[Brief descriptive captions]
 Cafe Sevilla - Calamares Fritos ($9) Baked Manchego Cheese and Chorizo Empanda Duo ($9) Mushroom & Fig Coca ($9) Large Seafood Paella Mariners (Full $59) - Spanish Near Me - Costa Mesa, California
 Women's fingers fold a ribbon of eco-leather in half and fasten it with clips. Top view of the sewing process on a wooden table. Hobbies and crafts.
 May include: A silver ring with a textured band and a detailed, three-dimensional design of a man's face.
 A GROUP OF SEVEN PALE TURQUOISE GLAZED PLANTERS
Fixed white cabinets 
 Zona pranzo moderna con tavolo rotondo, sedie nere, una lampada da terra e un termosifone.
==
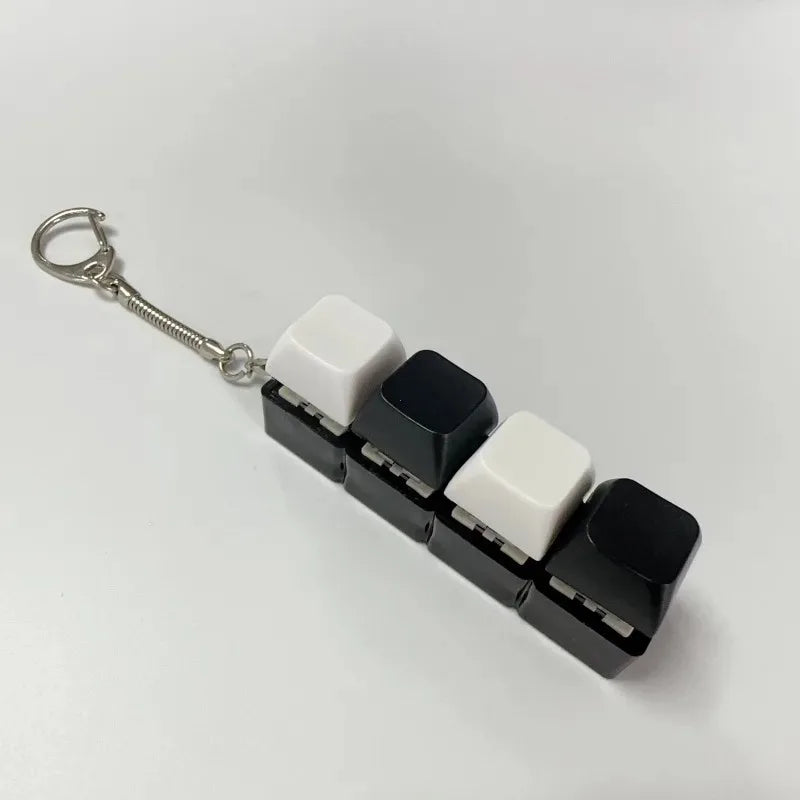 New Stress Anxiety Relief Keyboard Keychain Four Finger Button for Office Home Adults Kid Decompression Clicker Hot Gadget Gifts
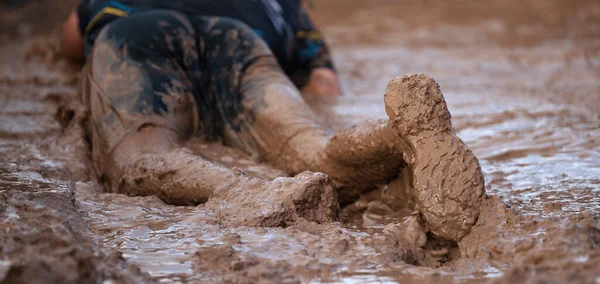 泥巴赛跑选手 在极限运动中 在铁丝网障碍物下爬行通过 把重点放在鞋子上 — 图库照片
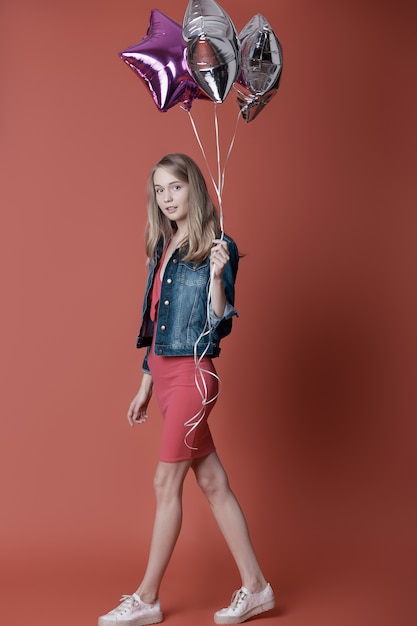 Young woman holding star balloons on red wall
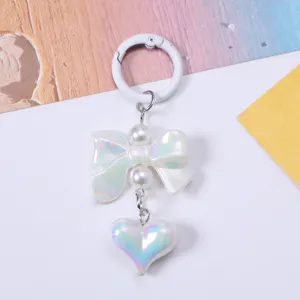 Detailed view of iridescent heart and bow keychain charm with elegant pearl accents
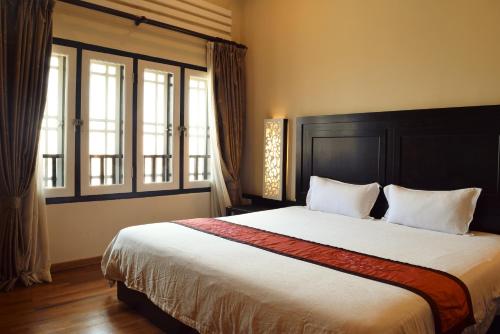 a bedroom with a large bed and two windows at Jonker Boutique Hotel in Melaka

(Task requirements): Looking above, find the stretch of lines that opens with the one holding "New Stress Anxiety" and closes with the one holding "a bedroom with". Copy it exactly, pictures excluded.

(Exercise result):
 New Stress Anxiety Relief Keyboard Keychain Four Finger Button for Office Home Adults Kid Decompression Clicker Hot Gadget Gifts
 泥巴赛跑选手 在极限运动中 在铁丝网障碍物下爬行通过 把重点放在鞋子上 — 图库照片
 Young woman holding star balloons on red wall
 Detailed view of iridescent heart and bow keychain charm with elegant pearl accents
 a bedroom with a large bed and two windows at Jonker Boutique Hotel in Melaka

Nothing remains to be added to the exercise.